Haklısın değerli kardeşim. Çevremizde bizi yanıltan ve inciten bir dizi toksik insler var. Egoist, çıkarcı ve iyi insanları aparat olarak kullanırlar. Biraz mesafe, biraz tecrübe bu tip toksikleri kendi yuvalarına sokacaktır. Kendine iyi bak baba…
Değerli Kadim Dostum, söylediğiniz gibi olması çok önemli ve uygundur. Hayat enerjimizi boşa tüketmeyelim. Çıkart hayatından gitsin. Zaten yazmamdaki maksat da okuyan kardeşlerime bir dizi hatırlatmada bulunmaktır. Destekleriniz için minnettarım. Birecik’e selamlar hürmetler.
okçunun biri okunu atar da on ikiden vurur ya, sen de kıymetli kardeşim o oku ikiye yaran okçu misali yazıların hep hedeften vuruyor
Canım Ahretliğim…Güzl gören yüreğin hep güzelliklerle dolsun. Rabbim dilimizi, elimizi, kalbimizi korusun.
amiin
Değerli ağabeyim kalemine sağlık o kadar haklısın ki maalesef bu kişiler tüm kurumlarda tüm topluluklarda karşımıza çıkıyor. Üstelik bu Toksit İnsler kendilerini o kadar inandırmışlarki yaptıklarının yanlış olduğunu bırak onun gibi düşünmeyen herkesi küçümser bir ruh haliyle normal hayatına devam eden tüm bireyleri tehdit eder hale gelmişler.

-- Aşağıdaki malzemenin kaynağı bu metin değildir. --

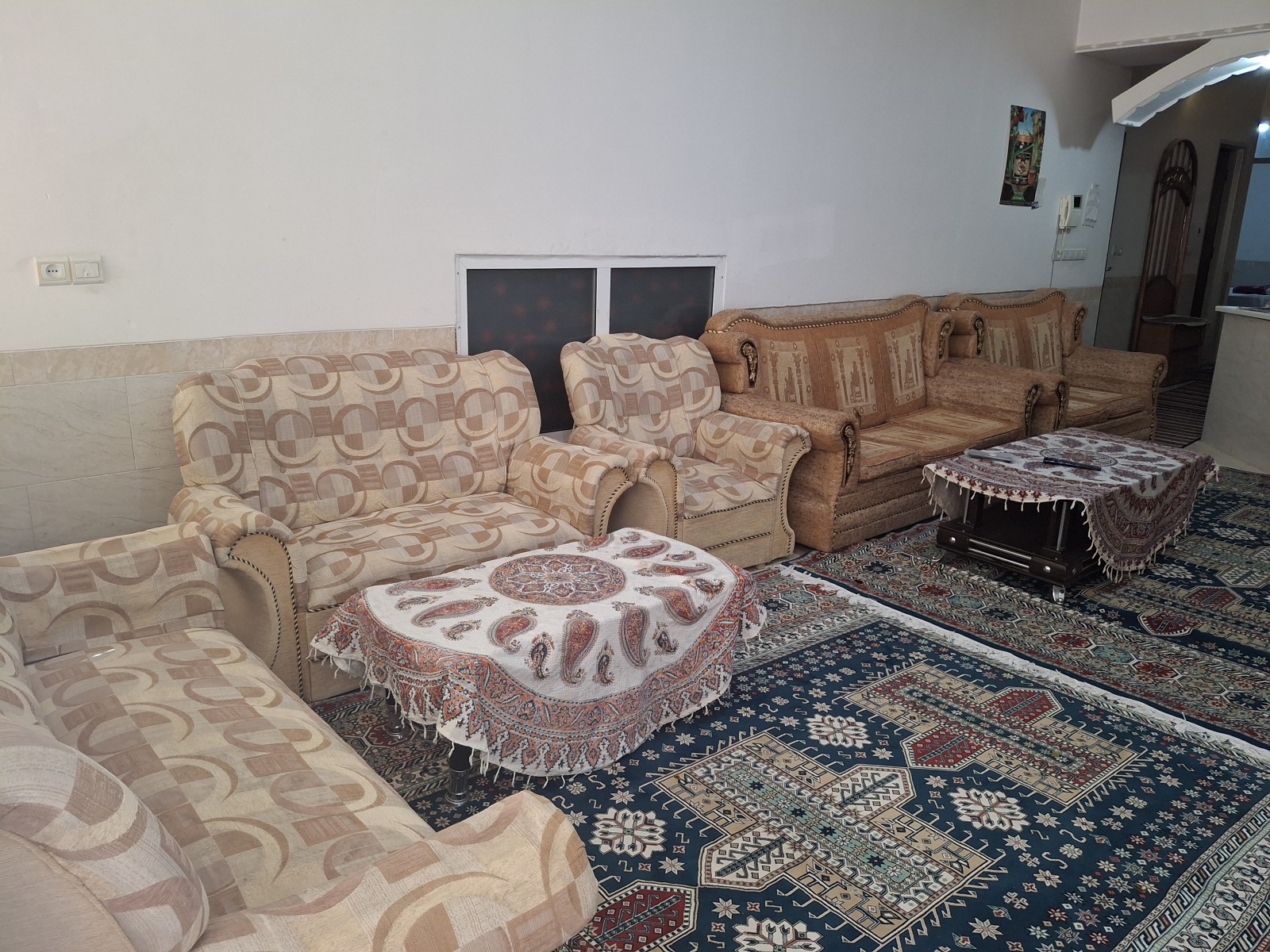 اتاق پذیرایی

Maalesef bazı bu Toksit inslerle aynı mekanı aynı çalışma ortamını paylaşmak zorunda kalmışızdır.
Bu kişilere yer zaman fark etmeksizin davranışlarını yüzlerine vurmalı ve ötekileştirmeliyiz.
Hep deriz ya güzel yerler değil güzel insanlara denk gelesin. Rabbim bizleri güzel insanlarla karşılaştırıp çalışmayı nasip etsin. Sağlıcakla kalasın…
İşte Ramazan kardeşim tüm bu toksiklere karşı bizim oksijen olabilmemiz ve panzehir olabilmemiz için dimdik ayakta durmalıyız. Başarıyoruz ve başarmaya da devam edeceğiz.